The recent history of Latin America has given its artists and writers the dubious privilege of being able to draw on actual events and first-hand experiences when delving into the psychologies of torturer and tortured – perhaps the best-known example being Chilean author Ariel Dorfman’s Death and the Maiden. Guatemalan novelist Ronald Flores has mined his country’s blood-soaked history of military dictatorship and civil war to fashion a work that explores the concepts of reconciliation and self-justification.

Doctor Ernesto Sandoval is a Guatemalan exile, pursuing a successful career in the US as a psychologist specializing in the treatment of torture victims. He decides to abandon his comfortable life in order to return to his homeland and put his skills at the service of a country finally inching towards a fragile peace after decades of killing.
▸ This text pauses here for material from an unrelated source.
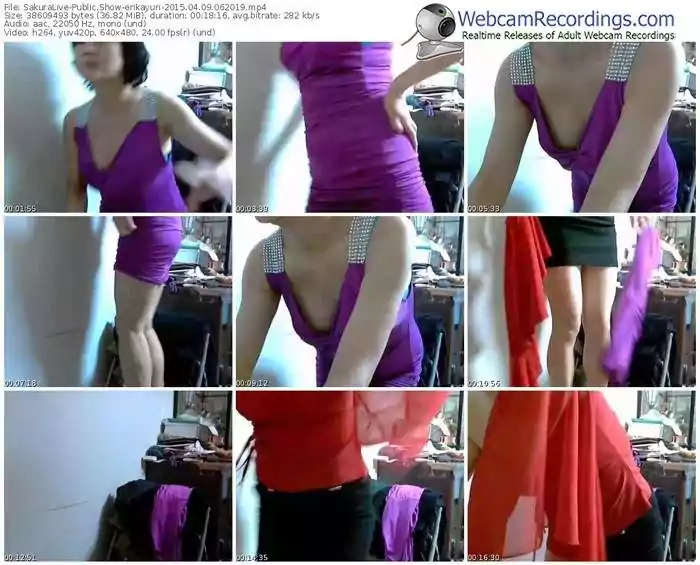 sakuralivejp-erikayuri-public-show-04_09_2015-06_20_19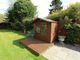 Thumbnail Detached house for sale in Bitteswell Road, Lutterworth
His first patient, far from being a victim of torture, is General Jorge Camacho, an army commander who has authorized and participated in torture and murder. As the two men warily circle each other in the counselling sessions, Sandoval’s attempted professional detachment spars with Camacho’s icy contempt and self-belief. The novel is structured as a monologue which switches abruptly and seamlessly between characters, looping from present to past and back again. Final Silence is a finely modulated meditation on guilt and forgiveness and Ronald Flores deserves praise for constructing from the rubble of a terrible history – a tale that affirms the possibility of a better future.